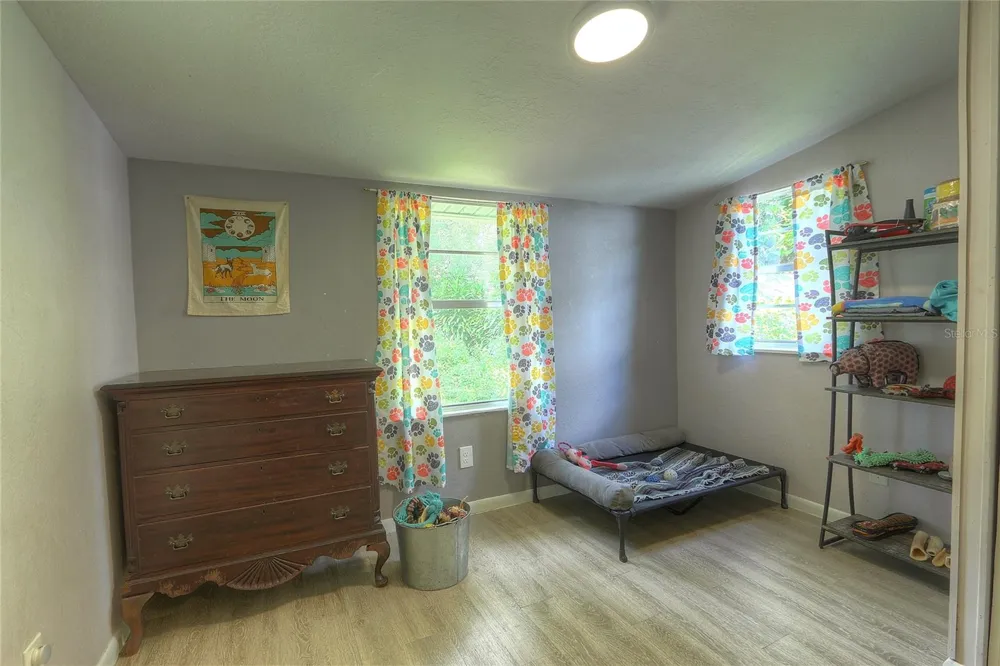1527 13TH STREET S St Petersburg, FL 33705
==
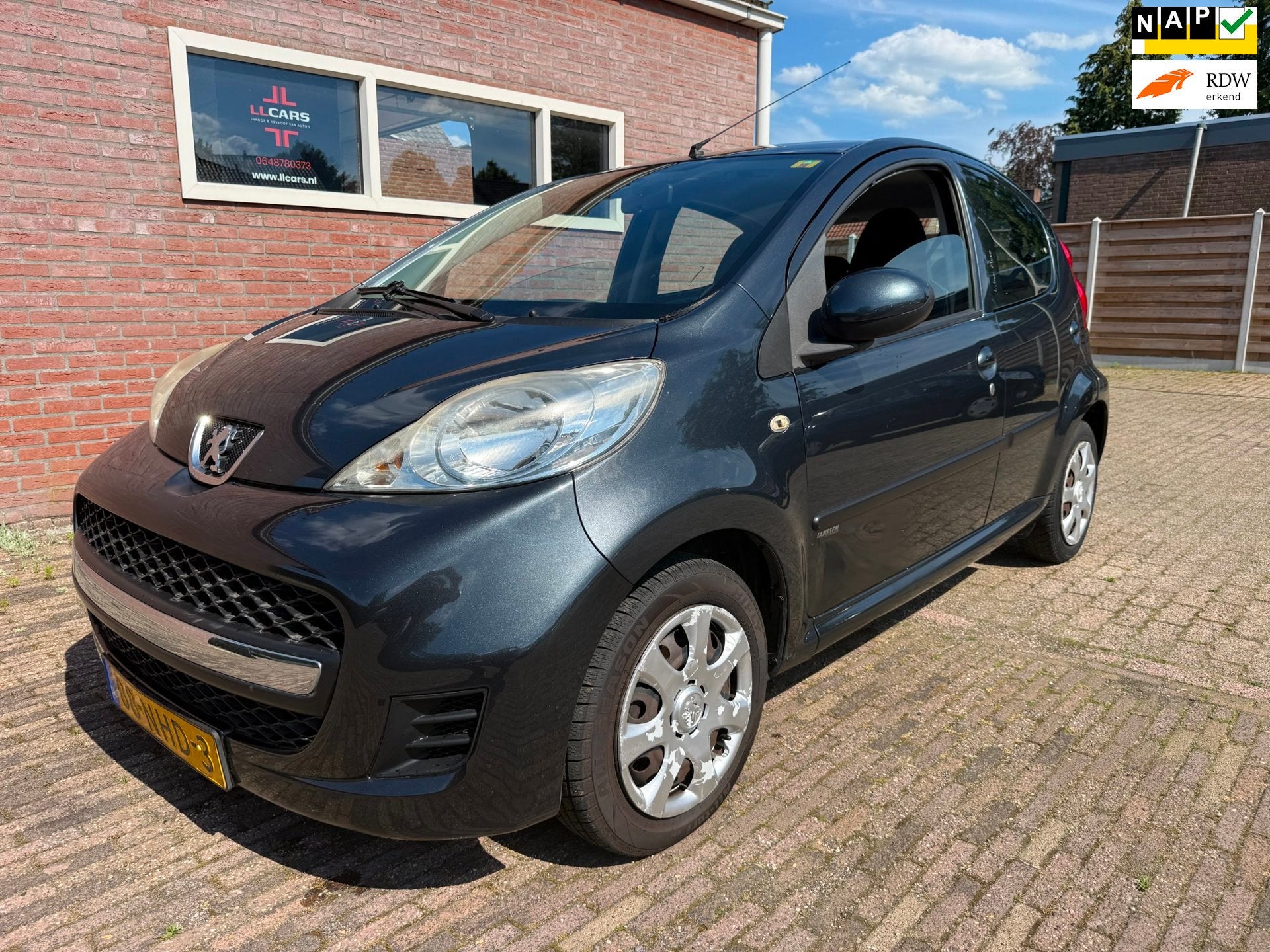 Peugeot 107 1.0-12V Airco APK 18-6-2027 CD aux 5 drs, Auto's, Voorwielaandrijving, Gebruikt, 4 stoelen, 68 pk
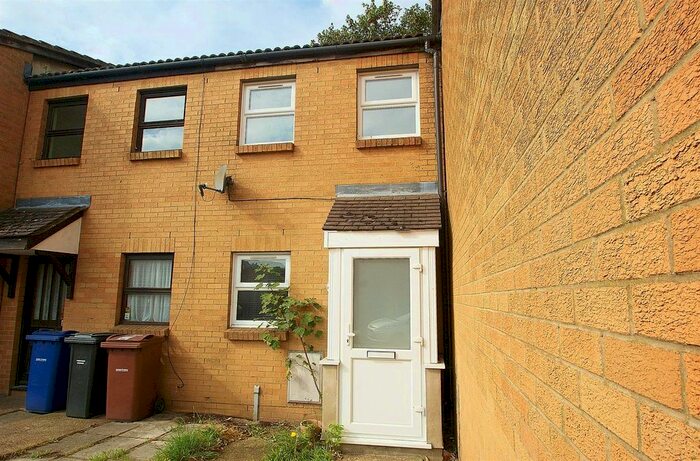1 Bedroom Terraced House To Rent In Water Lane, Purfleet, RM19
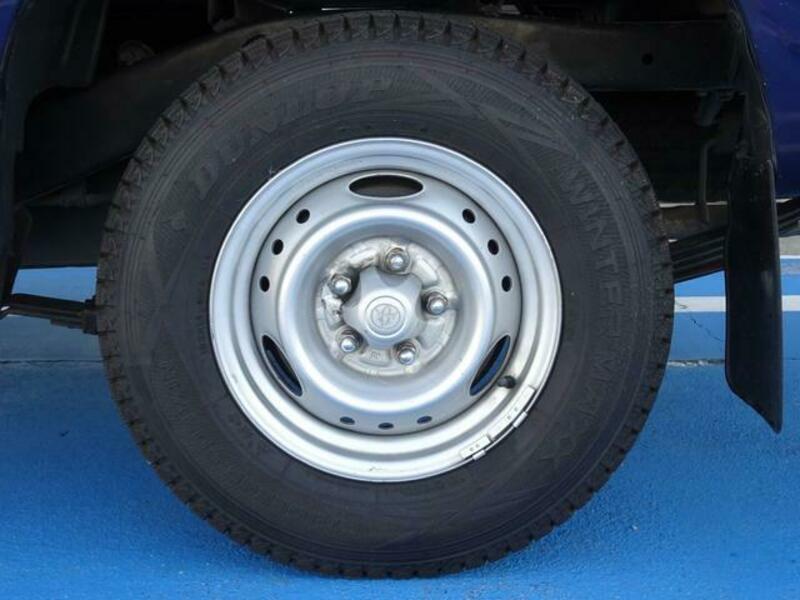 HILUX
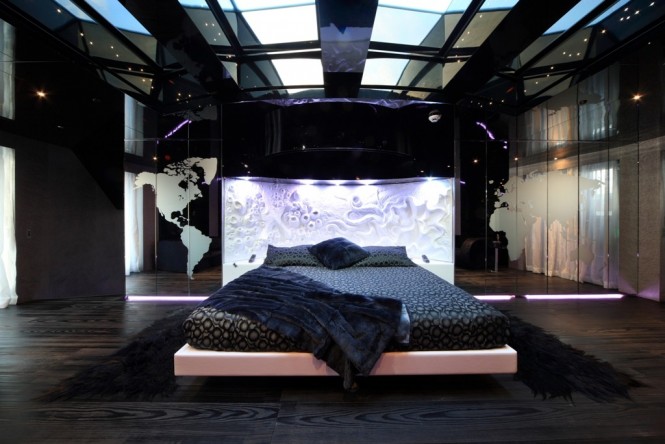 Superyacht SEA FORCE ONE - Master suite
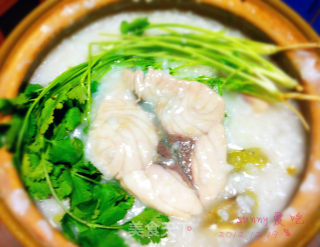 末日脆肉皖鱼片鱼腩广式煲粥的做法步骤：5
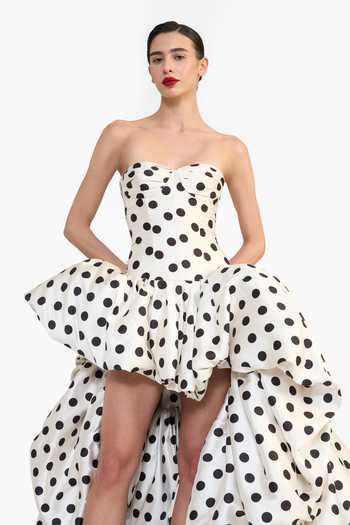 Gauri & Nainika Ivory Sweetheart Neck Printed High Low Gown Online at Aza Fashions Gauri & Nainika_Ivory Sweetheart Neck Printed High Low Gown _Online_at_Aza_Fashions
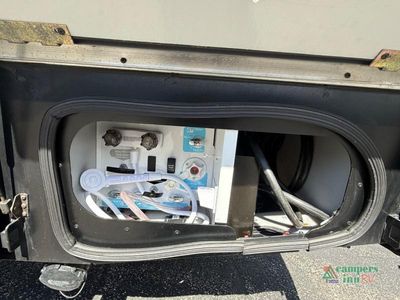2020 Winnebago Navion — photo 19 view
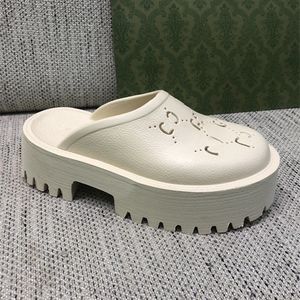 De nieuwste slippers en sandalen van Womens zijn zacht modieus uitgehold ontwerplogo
---
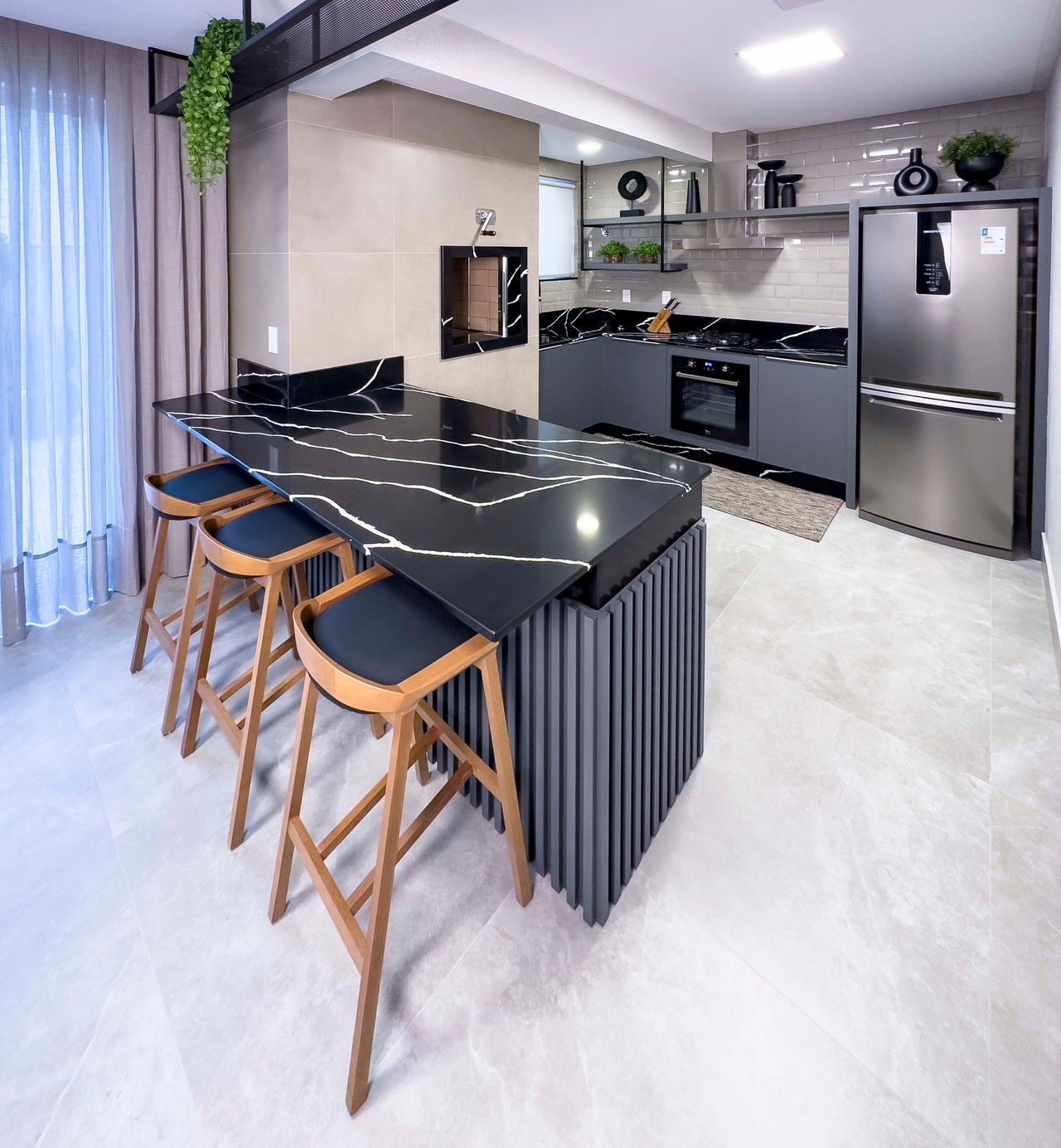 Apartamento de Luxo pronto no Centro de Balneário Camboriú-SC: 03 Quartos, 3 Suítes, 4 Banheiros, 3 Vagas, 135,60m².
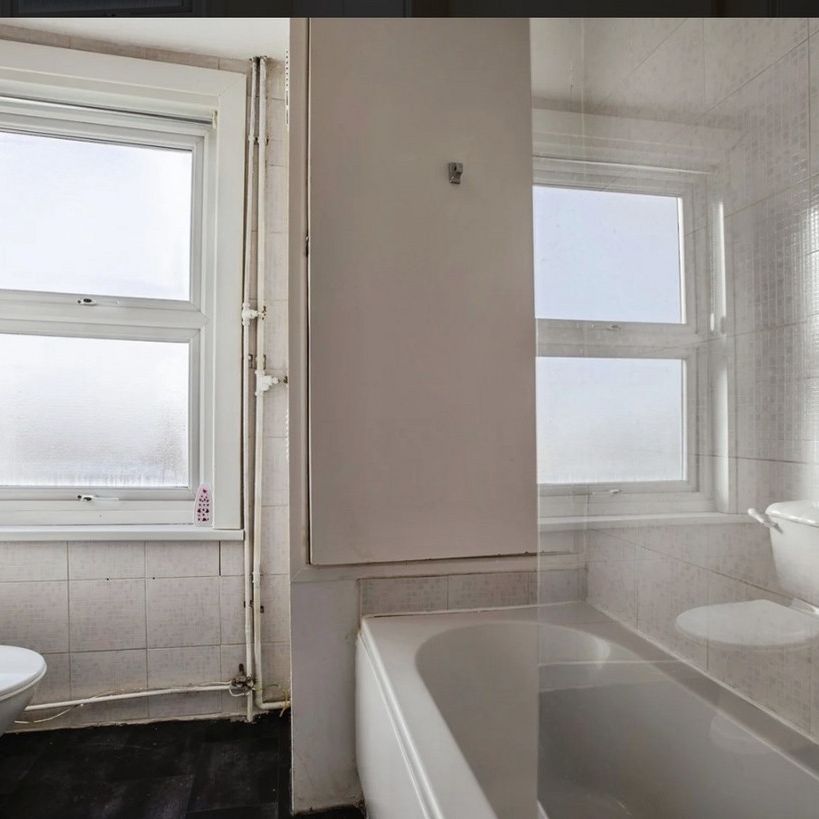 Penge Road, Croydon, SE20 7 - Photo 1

__WHAT YOU SHOULD DO__
Among the entries above, find the line with "Apartamento de Luxo" and repeat exactly from there through the line with "Penge Road, Croydon, SE20 7 - Photo 1", leaving out the pictures.

__RESULT OF THIS TASK__
 Apartamento de Luxo pronto no Centro de Balneário Camboriú-SC: 03 Quartos, 3 Suítes, 4 Banheiros, 3 Vagas, 135,60m².
 Penge Road, Croydon, SE20 7 - Photo 1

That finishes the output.